12
posted ago by acasper ago by acasper +12 / -0

At least one centralized site archival service (archive.org) has already demonstrated that it is willing to takedown resources at the request of government. Others like archive.today do not seem to have responded to takedowns for legal content, but there are many tools that the government can use to force this action. If you want an excellent example check out this summary of the National Security Letter that LavaBit received and how they had to behave or risk incarceration (https://wikipedia.org/wiki/LavaBit#Ladar_Levison).

What steps can we take to create some redundancy for these resources? Well, it’s actually as simple as keeping a full copy of the page or site on your computer. This is a pretty big downgrade of accessibility, but it makes it incredibly hard for a central censor to eliminate all copies that could then themselves be infinitely copied and distributed. Once you have the file on your computer it’s just a question of making it accessible through platforms like IPFS that are censorship resilient (https://patriots.win/p/12i4DQgiWN/centralized-storage-services-lik/). But how does one actually download a website? Lets explore that!

When you go to any resource on the Internet there is a conversation going on between your computer, the series of networks that are carrying the communication, and the host of the resource. If you wanted to archive a PDF file hosted on a public website it’s pretty straightforward to just go to the URL of the file and then click a download button. That option is not explicitly available for say a blog or news article because it’s typically delivered in chunks. If you look at the code behind a webpage it’s a set of instructions that your web-browser uses to retrieve a bunch of files and then reconstruct the page on your end (this is why all the images on a page don’t necessarily load at the same time). Once that reconstruction is complete though, well the page is fairly static in most cases. There might be some animations or embedded files that stream in more smaller chunks (embedded videos) but for all intents and purposes we have a static page that is equivalent to that PDF file, just no download button.

The two solutions that occur to most people are screenshots, which are available pretty universally across all devices, and ‘Save as PDF’ which will do it’s best to convert the fully rendered page into a local paginated PDF. These are fine ways to go about storing small amounts of information, but what if there’s a dump of 100 links that you’d like to keep a copy of? How does one avoid that manual process of saving and organizing all of that information?

Enter programs like ArchiveBox (https://archivebox.io/) which automate the entire process of retrieving the data, converting it to a ton of different formats, sending the page to centralized online archives like archive.today, and also organizing all the locally stored information in a database. Did I mention that it’s scriptable as well? That means that you can feed it 100 or 1000 websites and it will chug through them while you’re drinking coffee.
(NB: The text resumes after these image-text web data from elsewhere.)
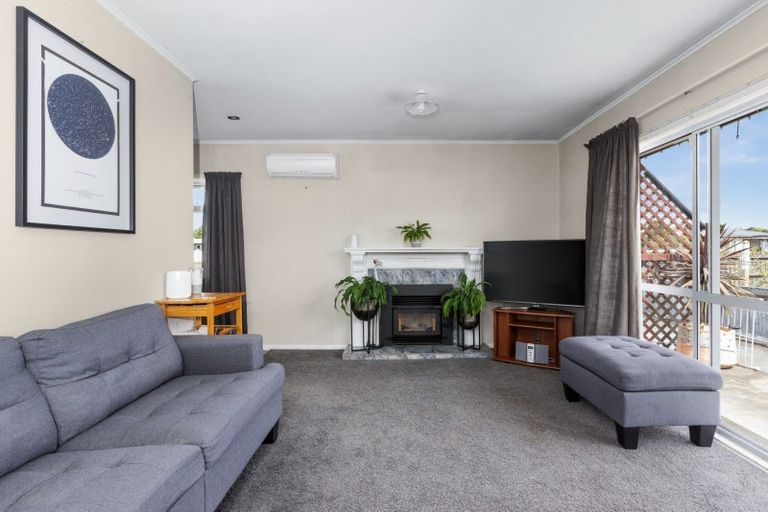 Photo of property in 14 Kauri Street, Taradale, Napier, 4112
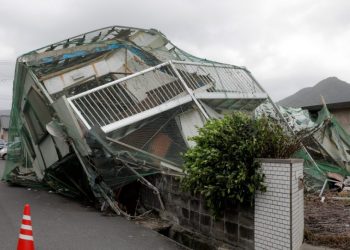TIFÓN DEJA UN MUERTO Y 4 DESAPARECIDOS EN JAPÓN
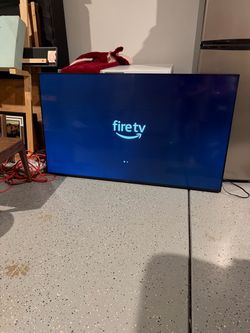 65” Insignia 4K Smart TV + Wall Mount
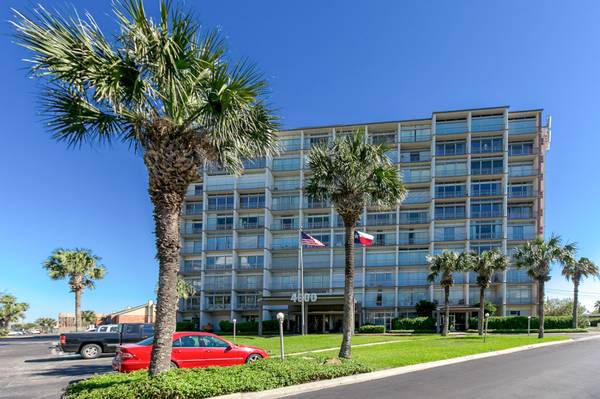 $1600.00 / 1br - 754ft2 - 4600 Ocean Dr Condo-Utilites & Wifi Paid64036537851009123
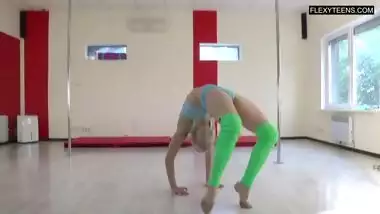 Dora Tornaszkova hot naked gymnastics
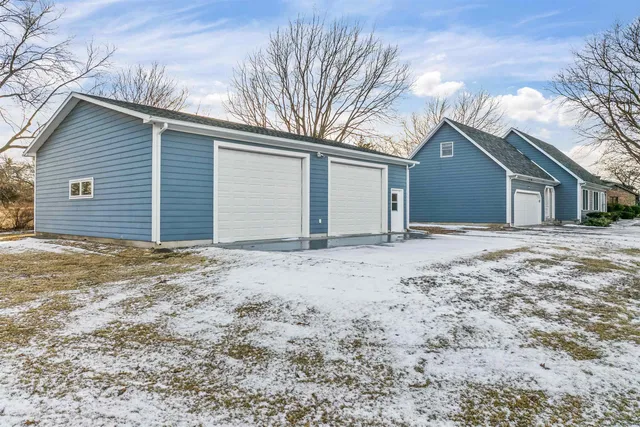 $440,000 | 715 Country Club Drive, Newton, KS 67114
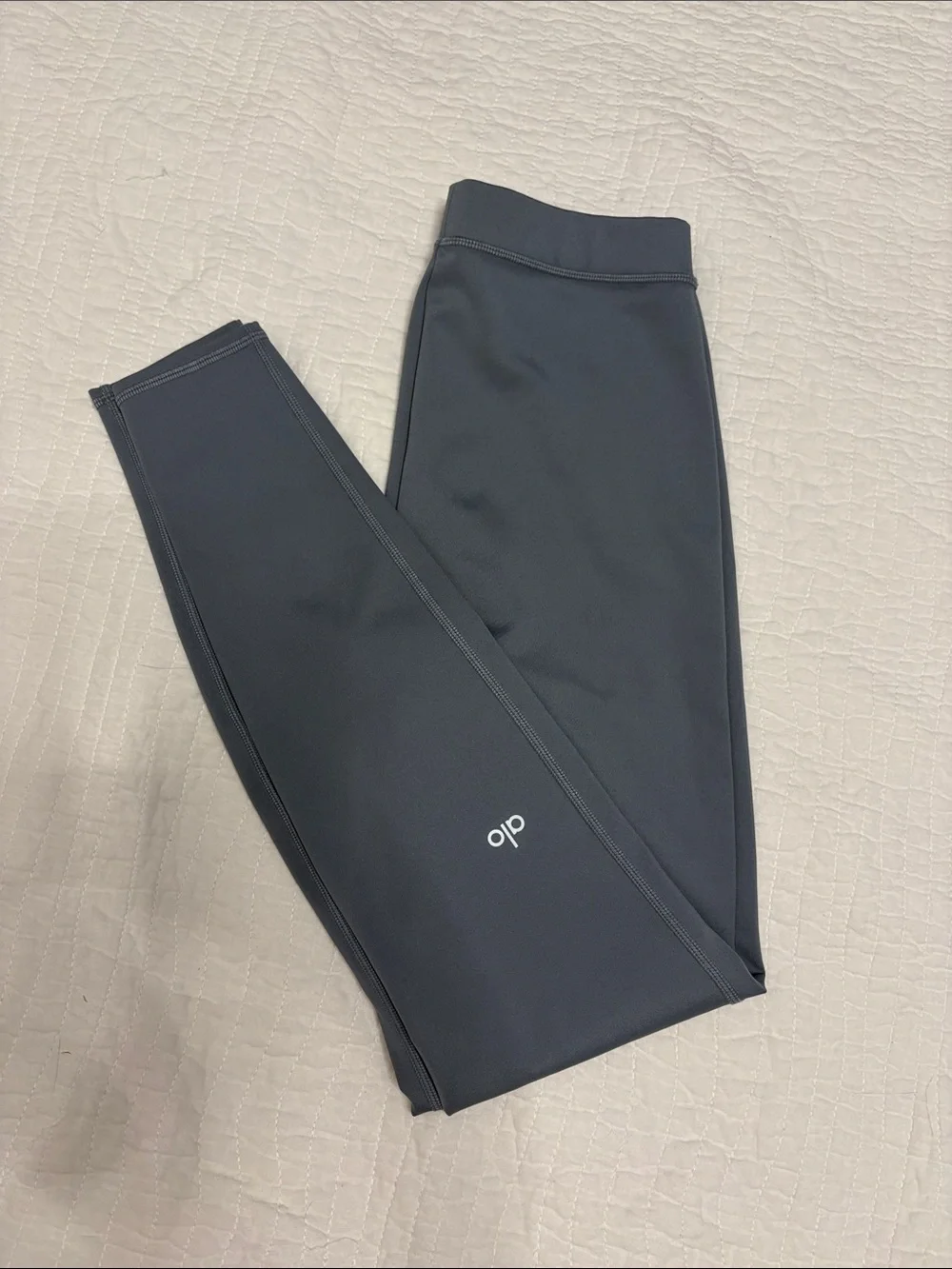 ALO Yoga new without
You can schedule it to grab an archive of a specific page at a regular interval. You can tell it that you only want it to create PDFs locally to save space. You can tell it to only send the files to a central archive and it will do that. The tool is open-source and the documentation for it is well-written and updated regularly. I wish I could say that it’s a breeze to setup, but it can be kind of a pain. It’s worth it once it’s running. Learning more about how your computer works is never a bad thing, just make sure you have backups!

As always, I’ll be in the comments to respond to any questions or concerns from pedes!

~

~

Comments (5)
sorted by:
You're viewing a single comment thread. View all comments, or full comment thread.
5
jubyeonin 5 points ago +5 / -0

Or go the boomer route and print stuff and post pictures of the printed stuff.

3
Trumpican 3 points ago +3 / -0

thats what i do, hay wait......

1
acasper [S] 1 point ago +1 / -0

Hehe that is also an option.